YOUR INSTRUCTIONS: What you return must match the listing exactly, with every image removed.

RECORDED INFORMATION:
──────────

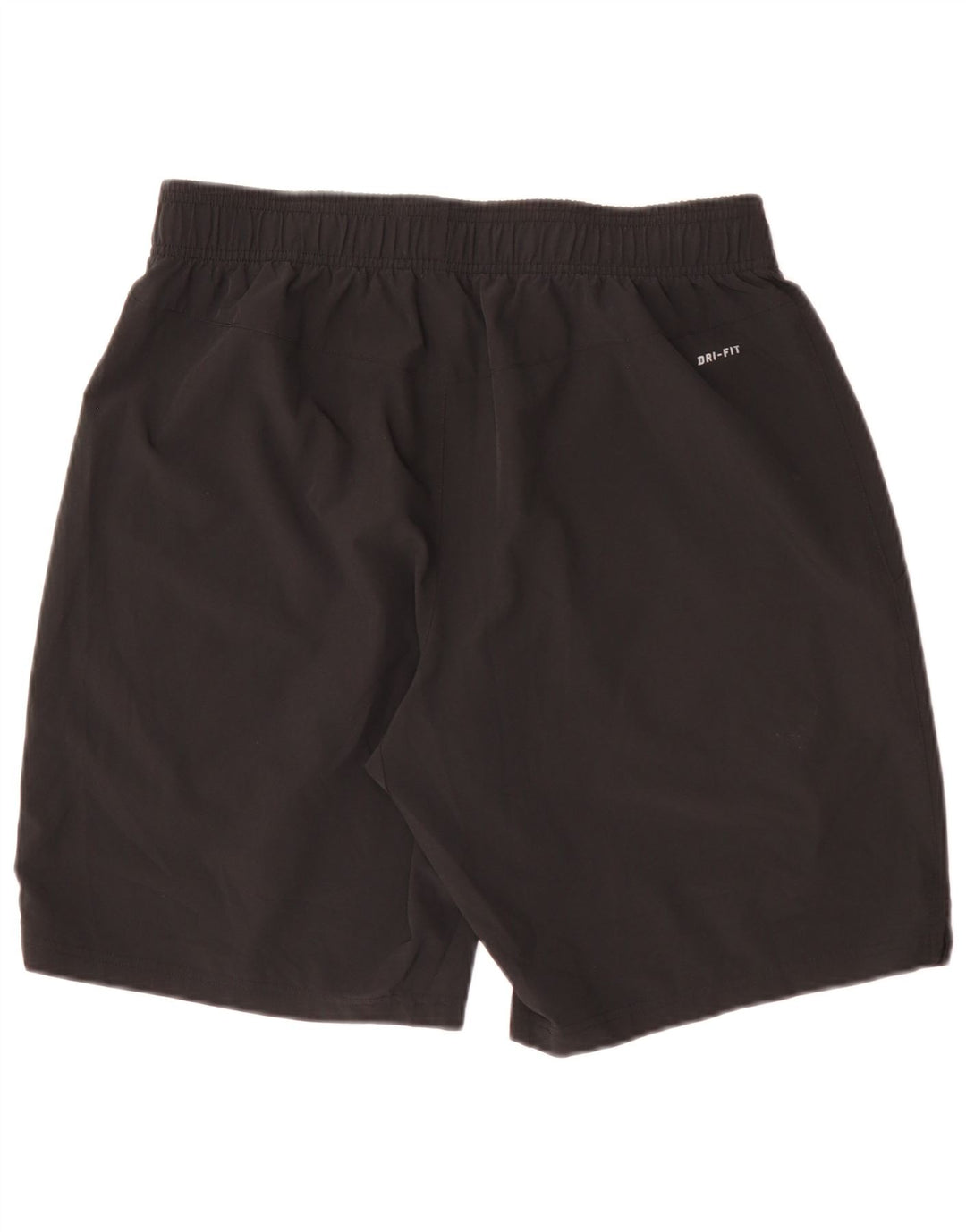 Nike Dri Fit - Pantalones cortos deportivos para hombre (poliéster), color negro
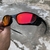 Óculos de Sol Juliet Carbon Ruby Pinada + Sideblinders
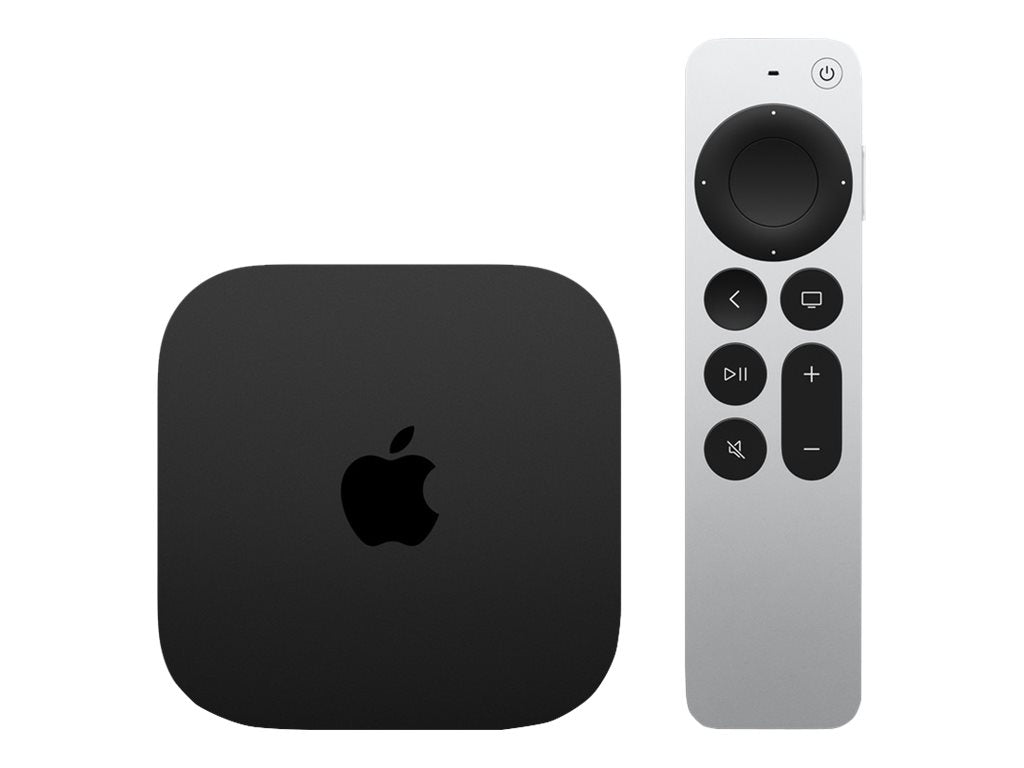 Apple TV 4K (Wi-Fi) - 3. Generation - AV-Player - 64 GB - 4K UHD (2160p)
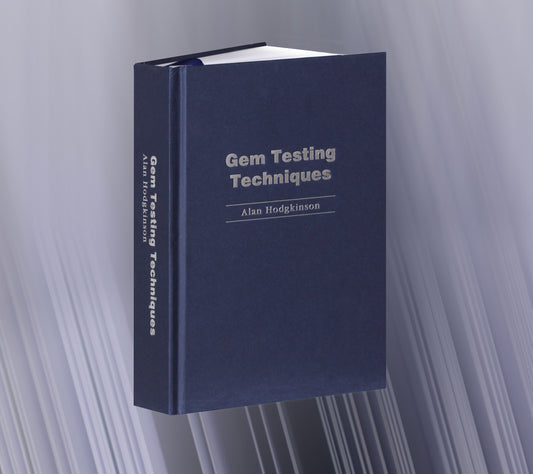 Gem Testing Techniques – First Edition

──────────

SOLUTION:
 Nike Dri Fit - Pantalones cortos deportivos para hombre (poliéster), color negro
 Óculos de Sol Juliet Carbon Ruby Pinada + Sideblinders
 Apple TV 4K (Wi-Fi) - 3. Generation - AV-Player - 64 GB - 4K UHD (2160p)
 Gem Testing Techniques – First Edition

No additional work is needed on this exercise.